# Task instructions
Where the listing below has a line with "Motorcycle & ATV Part", write out exactly that line and every line after it, stopping after the line with "Tabletă Samsung Galaxy".

# Recorded data
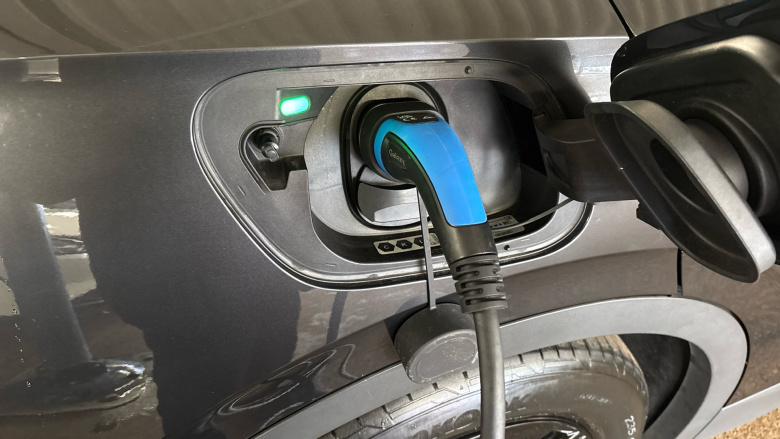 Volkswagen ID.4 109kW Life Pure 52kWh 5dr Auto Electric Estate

==

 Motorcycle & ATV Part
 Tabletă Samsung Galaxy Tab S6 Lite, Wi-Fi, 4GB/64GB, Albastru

# Expected output
 Motorcycle & ATV Part
 Tabletă Samsung Galaxy Tab S6 Lite, Wi-Fi, 4GB/64GB, Albastru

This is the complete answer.